Kim Jong-un pushing ‘military-first’

Nov 19,2010
North Korean leader Kim Jong-il’s youngest son is making unofficial rounds to munitions factories in the communist state, encouraging the modernization of technology in the manufacture of weapons and following his father’s footsteps in songun, or “military-first,” politics, according to U.S.-based Radio Free Asia (RFA) on Wednesday.

Kim Jong-un wants all factories to implement computer numerical control (CNC), which enables the automation of machines with computer-assisted technology. CNC has been connected to the young leader-to-be since last year when he was tapped for succession. South Korean government officials have said that the technical term is being used in connection with Kim Jong-un because the technology is new in North Korea - suggesting the rise of a young new leader intent on modernizing military production.

“With news that Kim Jong-un will visit a munitions factory in Chongjin, North Hamgyong, the factory has been busy with movement. He is coming to inspect the CNC of the factory’s production line,” said a well-informed source cited by RFA. The factory, which is in an area of northeastern North Korea located about 50 miles from the Chinese border, is known to produce shells for multiple-launch artillery pieces. It was also mentioned in a recent broadcast by the state’s official television network for its implementation of CNC technology along with other machinery factories, “standing at the cutting-edge of machinery development,” KCTV said.

According to the source, Kim Jong-un is visiting production lines in North Hamgyong and Jagang, and munitions factories were the first to receive orders to implement CNC to “set an example” for the entire country.

The new technology is utilized to develop more weapons, which could easily attack Seoul and the metropolitan area and could put more pressure on the South Korean government.

North Korea has been urging talks with Seoul to resume cross-border tourism while simultaneously trying to hint that it wants to return to the six-party talks on denuclearization.

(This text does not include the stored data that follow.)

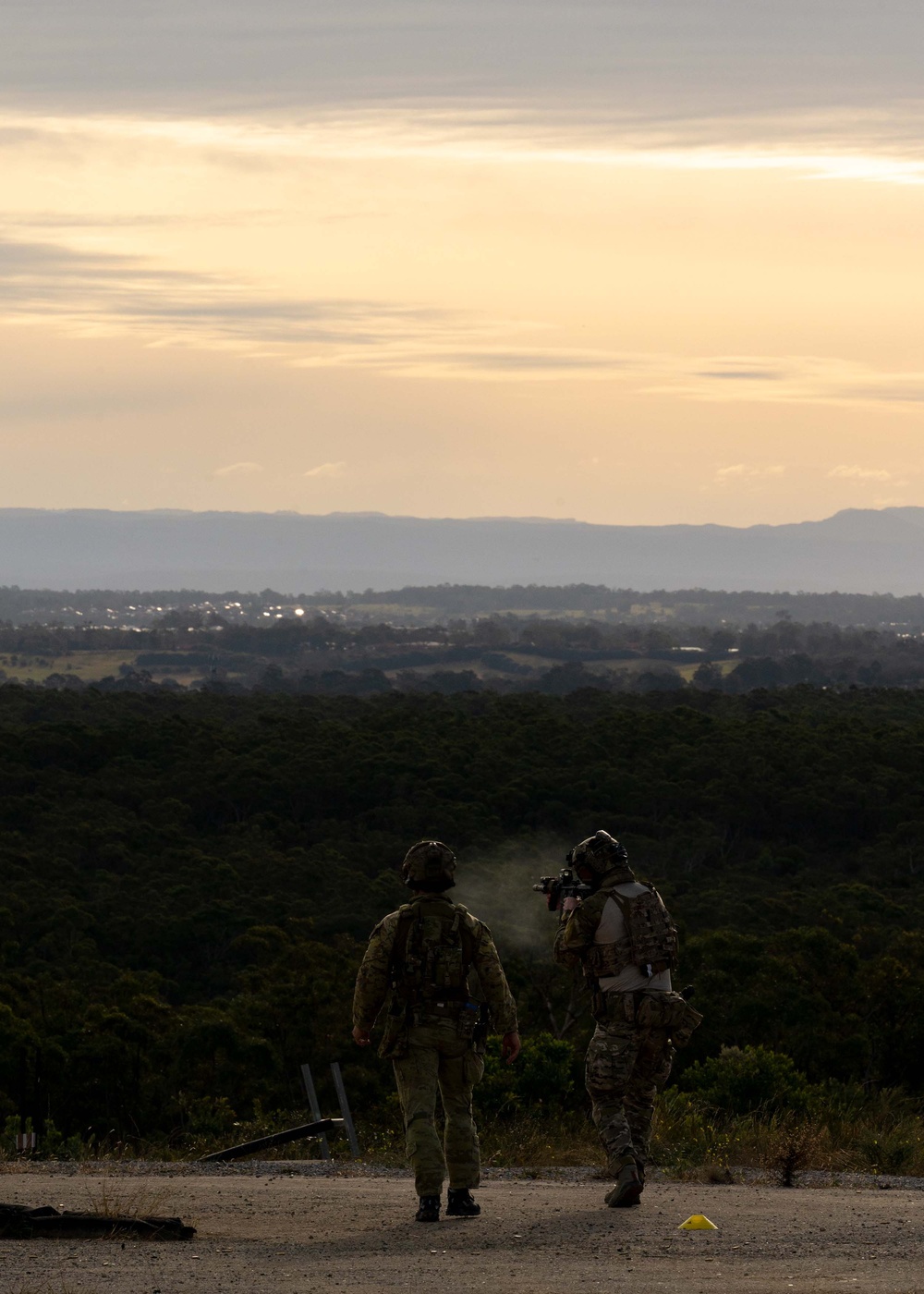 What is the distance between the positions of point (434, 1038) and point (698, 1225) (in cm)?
150

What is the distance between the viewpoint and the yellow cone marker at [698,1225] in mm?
7863

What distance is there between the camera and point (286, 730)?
225 ft

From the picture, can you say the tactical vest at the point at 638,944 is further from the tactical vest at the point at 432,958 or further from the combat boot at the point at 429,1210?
the combat boot at the point at 429,1210

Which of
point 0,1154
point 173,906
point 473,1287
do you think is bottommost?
point 173,906

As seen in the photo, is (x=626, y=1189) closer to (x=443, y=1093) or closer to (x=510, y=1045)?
(x=510, y=1045)

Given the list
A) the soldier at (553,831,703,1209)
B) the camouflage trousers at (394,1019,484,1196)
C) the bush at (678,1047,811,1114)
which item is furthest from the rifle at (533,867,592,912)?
the bush at (678,1047,811,1114)

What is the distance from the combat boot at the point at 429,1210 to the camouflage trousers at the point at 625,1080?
0.96m

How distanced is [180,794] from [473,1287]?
5195cm

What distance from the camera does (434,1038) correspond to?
8.37 metres

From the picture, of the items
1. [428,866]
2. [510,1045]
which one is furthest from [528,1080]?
[428,866]

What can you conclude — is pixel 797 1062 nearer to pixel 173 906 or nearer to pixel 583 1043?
pixel 583 1043

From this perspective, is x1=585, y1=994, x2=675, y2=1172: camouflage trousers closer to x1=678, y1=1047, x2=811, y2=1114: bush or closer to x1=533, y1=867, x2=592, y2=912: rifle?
x1=533, y1=867, x2=592, y2=912: rifle

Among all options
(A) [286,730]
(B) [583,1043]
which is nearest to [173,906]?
(B) [583,1043]

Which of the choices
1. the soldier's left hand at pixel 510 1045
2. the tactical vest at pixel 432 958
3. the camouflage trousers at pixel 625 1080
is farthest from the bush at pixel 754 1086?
the tactical vest at pixel 432 958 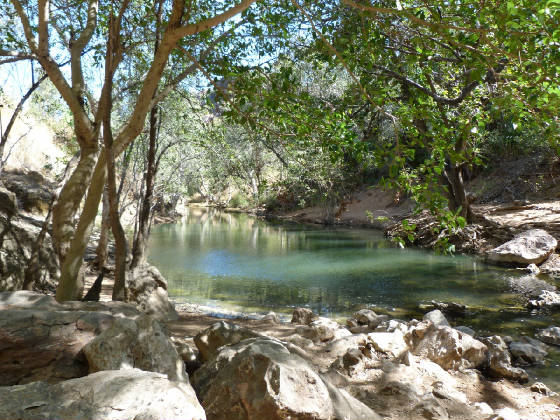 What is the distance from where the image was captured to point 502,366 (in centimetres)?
587

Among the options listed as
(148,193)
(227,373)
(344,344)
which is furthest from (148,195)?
(227,373)

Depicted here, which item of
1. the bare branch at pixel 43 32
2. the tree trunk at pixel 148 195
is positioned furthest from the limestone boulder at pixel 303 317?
the bare branch at pixel 43 32

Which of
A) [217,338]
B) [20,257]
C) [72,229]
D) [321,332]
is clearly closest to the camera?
[217,338]

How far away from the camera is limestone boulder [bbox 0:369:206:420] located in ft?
6.01

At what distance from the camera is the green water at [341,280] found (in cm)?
1039

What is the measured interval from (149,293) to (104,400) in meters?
6.41

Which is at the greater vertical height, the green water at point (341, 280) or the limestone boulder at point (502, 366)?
the limestone boulder at point (502, 366)

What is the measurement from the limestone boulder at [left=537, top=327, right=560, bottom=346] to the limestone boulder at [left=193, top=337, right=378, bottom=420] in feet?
20.3

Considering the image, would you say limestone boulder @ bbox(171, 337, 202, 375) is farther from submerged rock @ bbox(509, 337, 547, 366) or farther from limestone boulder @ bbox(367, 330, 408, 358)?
submerged rock @ bbox(509, 337, 547, 366)

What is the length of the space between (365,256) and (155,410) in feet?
58.5

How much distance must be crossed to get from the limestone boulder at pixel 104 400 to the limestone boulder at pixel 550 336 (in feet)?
25.6

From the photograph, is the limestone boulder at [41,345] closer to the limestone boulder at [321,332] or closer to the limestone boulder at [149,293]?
the limestone boulder at [321,332]

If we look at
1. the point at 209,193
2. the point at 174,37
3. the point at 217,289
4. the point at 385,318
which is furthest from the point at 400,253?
the point at 209,193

Kim Jong-un was also reported to have shown a friendly side to those who have cooperated with his CNC implementation plan. Factories that he visited are reportedly being given incentives, such as cooking oil for workers’ families. Kim Jong-un’s visits mirror those of his father’s past field guidance trips to various places in the communist state and indicate he is well on his way to becoming the next North Korean leader. The field guidance trips are usually touted by the North’s official media without exact dates of when the visits actually happened.